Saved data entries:
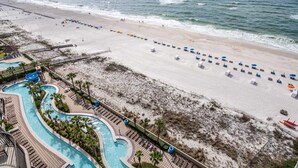 A beach resort with a swimming pool, beach umbrellas, and a lifeguard tower. - Breathtaking Gulf Views – Welcome to Phoenix West 1103! (Orange Beach)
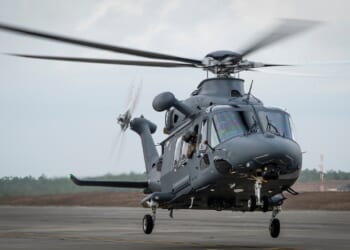 A Grey Wolf helicopter taking off.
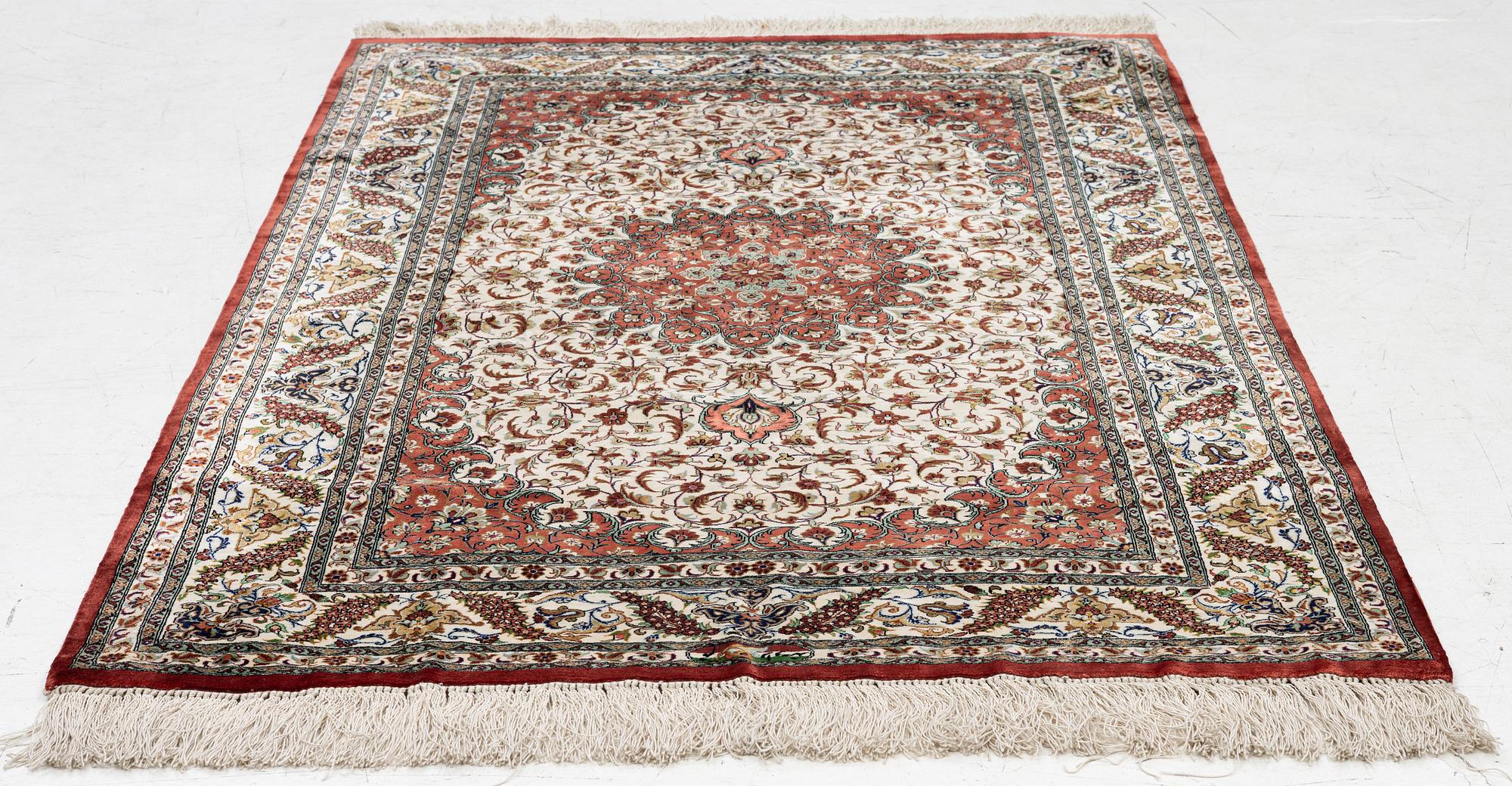 A Ghom silk rug, signed, c. 148 x 100 cm.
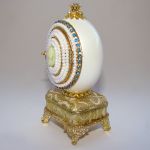 Boite à bijoux oeuf musical en coquille avec camée, inspiration Faberge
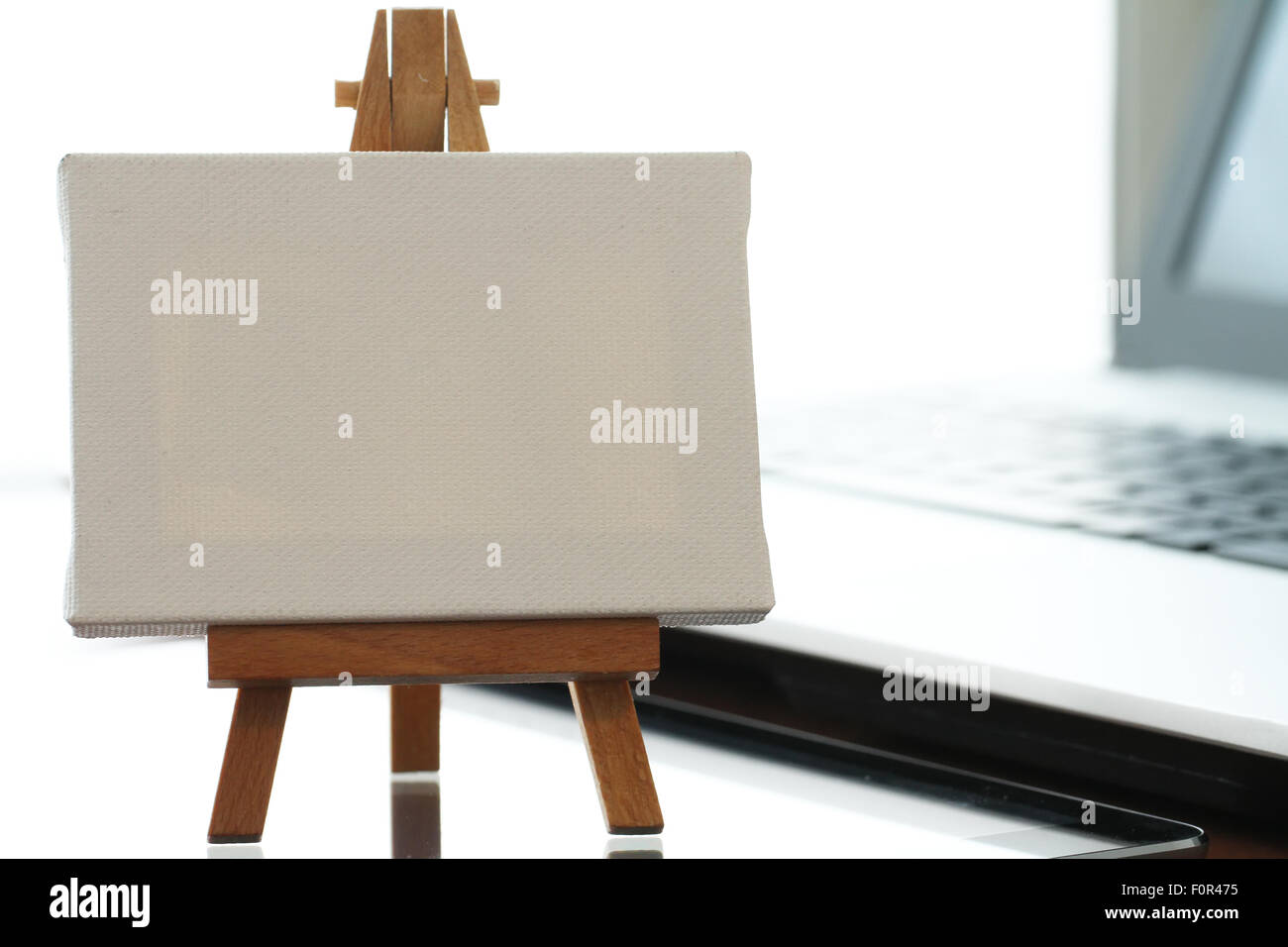 Tela vuota e il cavalletto in legno sul computer portatile come concetto Foto Stock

= BRIEF =
Set down the records above word for word, from the first line through the line containing "Boite à bijoux", both included; leave out the pictures.

= ANSWER SECTION =
 A beach resort with a swimming pool, beach umbrellas, and a lifeguard tower. - Breathtaking Gulf Views – Welcome to Phoenix West 1103! (Orange Beach)
 A Grey Wolf helicopter taking off.
 A Ghom silk rug, signed, c. 148 x 100 cm.
 Boite à bijoux oeuf musical en coquille avec camée, inspiration Faberge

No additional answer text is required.